Robotic Assisted Coronary Artery Bypass (RACAB)
The most recent technological advance, RACAB provides access to the coronary arteries without opening the sternum. The surgeon does not have direct contact with the patient but guides robotic instrumentation via a video monitor.
Hybrid Coronary Artery Bypass
Complex coronary blockages can be treated using a combination of the least invasive methods for revascularization (reestablishing blood flow to the heart). This can be performed in partnership with invasive cardiology whereby a single vessel coronary artery bypass can be performed using minimally invasive approaches with percutaneous approaches to other coronary blockages in the hybrid operating room.
Valvular Heart Surgery
Valvular heart disease remains an integral part of the division’s clinical practice. With an increasingly older population, interventions on the cardiac valves will inevitably increase.
We are developing and performing the latest techniques in aortic valve repair. If replacement is required, then a full armamentarium is at our disposal including mechanical, bioprosthetic (stented and stentless), allograft (“Homograft”), and the Ross procedure. Minimally invasive approaches to the aortic valve are also offered.
Because the benefits of mitral valve repair have been established, the latest repair techniques are used. In addition, minimally invasive approaches including robotic mitral valve repair are performed.
Research on new technologies or the treatment of heart diseases including percutaneous heart valve replacement are performed.
Minimally Invasive Mitral Valve Repair
The surgeon inserts a scope through a tiny incision, views the operative area on a video monitor, and repairs the valve. Advantages include reduced stroke risk, less chance of infection, avoidance of anticoagulants and a longer-lasting valve. In addition, our surgeons have access to the Hybrid Operating Room allowing performance of percutaneous valve replacement and repairs.
Surgical Treatment of Atrial Fibrillation
Atrial fibrillation (Afib) is the most common irregular heart rhythm in the United States, affecting about 2.5 million people. More than 160,000 new cases of atrial fibrillation are diagnosed each year. The goals of treatment for atrial fibrillation include a return to normal heart rhythm, control of heart rate, and prevention of blood clots and strokes.
Using the very latest technology, we can now extend treatment to virtually all patients with Afib. Patients considered for surgical ablation fall into two groups: (1) Patients with isolated atrial fibrillation, who may be candidates for keyhole or minimally invasive treatment approaches (Robotic or thorascopic) or the Maze procedure or (2) Patients with atrial fibrillation who require heart surgery for other reasons, most commonly coronary artery disease or valvular heart disease. Surgeons may perform either a classic Maze procedure or a modified Maze procedure.

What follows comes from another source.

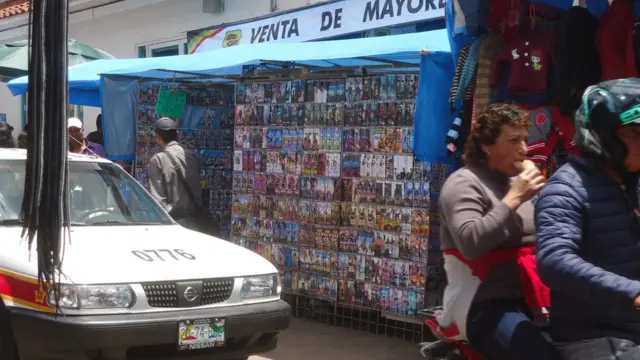 Puesto de videos pirata en San Cristóbal.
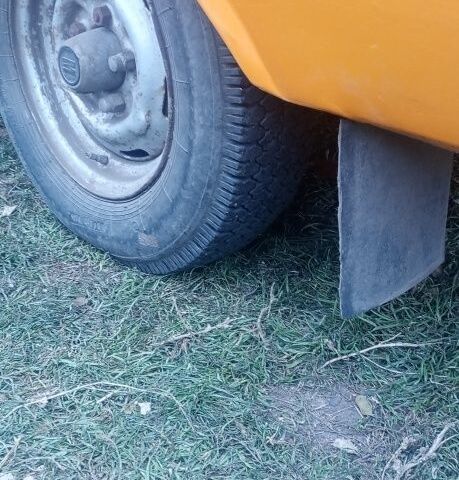 Москвич / АЗЛК 2140 1987 в Врадиевке на Automoto.ua Красный Москвич / АЗЛК 2140, объемом двигателя 0 л и пробегом 94 тыс. км за 461 $, фото 1 на Automoto.ua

Surgical treatment of Heart Failure
Surgery is aimed at stopping further damage to the heart and improving the heart’s function. Surgical procedures include: High risk conventional surgeries (coronary artery bypass surgery and valve surgery combined with transmyocardial revascularization (TMR)), surgery of the ventricle (LV restoration surgery (LVR)), implantable left ventricular assist devices (LVAD), and heart transplant.